:: Entries provided ::

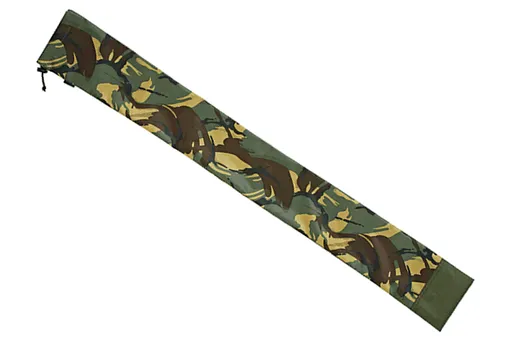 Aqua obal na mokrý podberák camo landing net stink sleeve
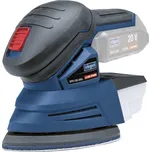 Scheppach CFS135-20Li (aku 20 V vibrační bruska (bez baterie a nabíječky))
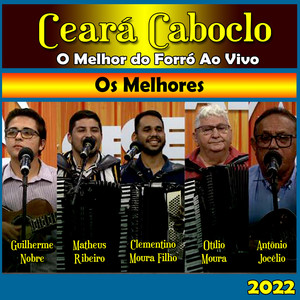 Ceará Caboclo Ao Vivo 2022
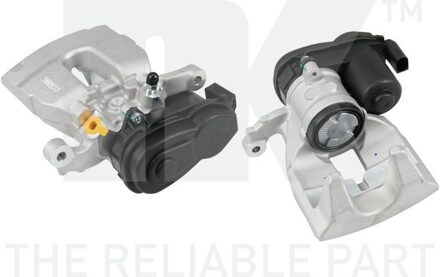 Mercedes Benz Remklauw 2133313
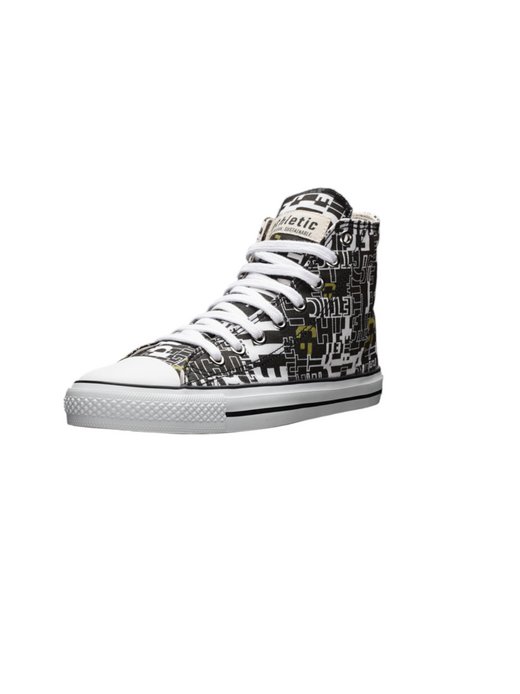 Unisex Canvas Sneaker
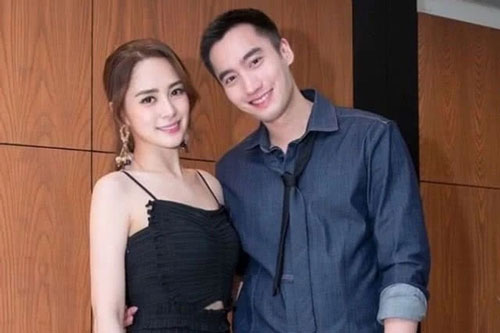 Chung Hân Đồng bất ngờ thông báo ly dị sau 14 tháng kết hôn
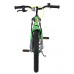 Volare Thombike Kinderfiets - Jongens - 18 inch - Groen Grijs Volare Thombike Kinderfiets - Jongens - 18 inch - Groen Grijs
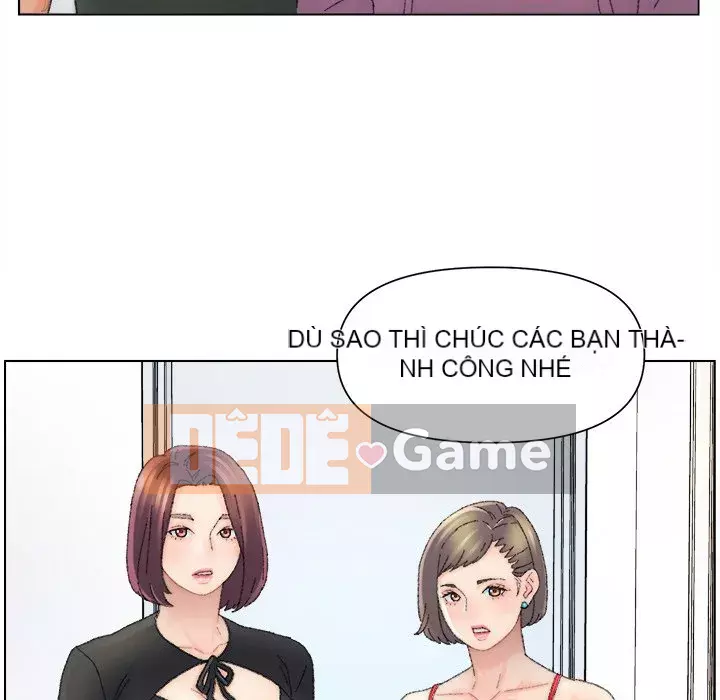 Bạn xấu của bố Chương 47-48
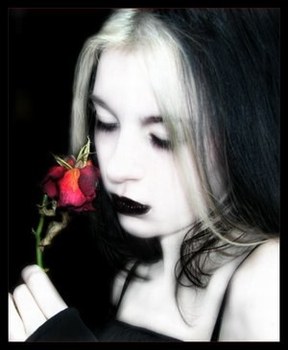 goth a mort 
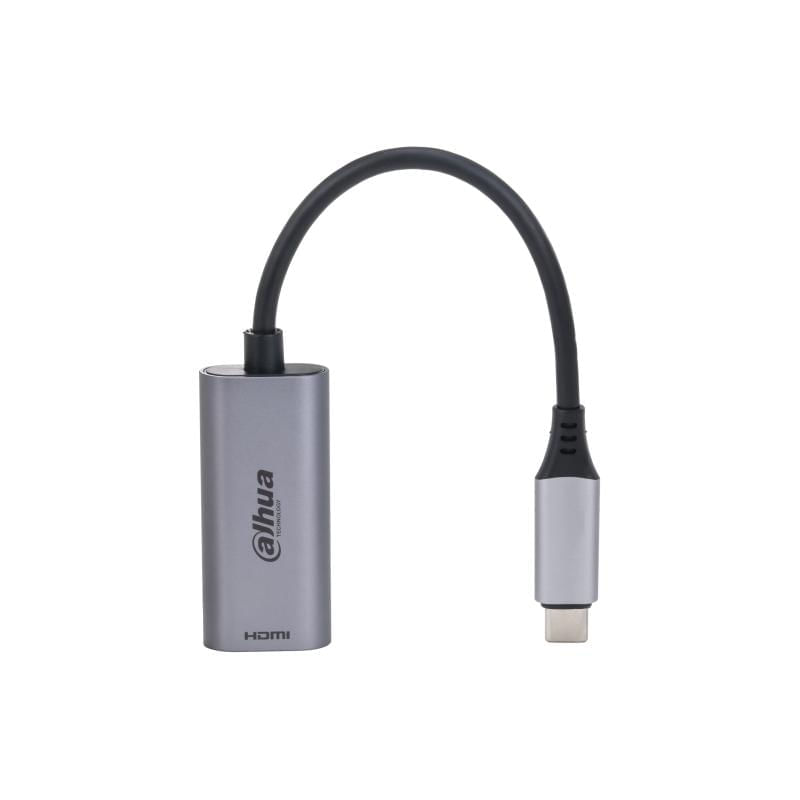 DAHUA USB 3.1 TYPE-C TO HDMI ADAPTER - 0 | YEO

:::

# Work order:
The reply should hold only the lines running from the top of the records to the line containing "Unisex Canvas Sneaker", both included, copied exactly with no pictures.

# Answer below:
 Aqua obal na mokrý podberák camo landing net stink sleeve
 Scheppach CFS135-20Li (aku 20 V vibrační bruska (bez baterie a nabíječky))
 Ceará Caboclo Ao Vivo 2022
 Mercedes Benz Remklauw 2133313
 Unisex Canvas Sneaker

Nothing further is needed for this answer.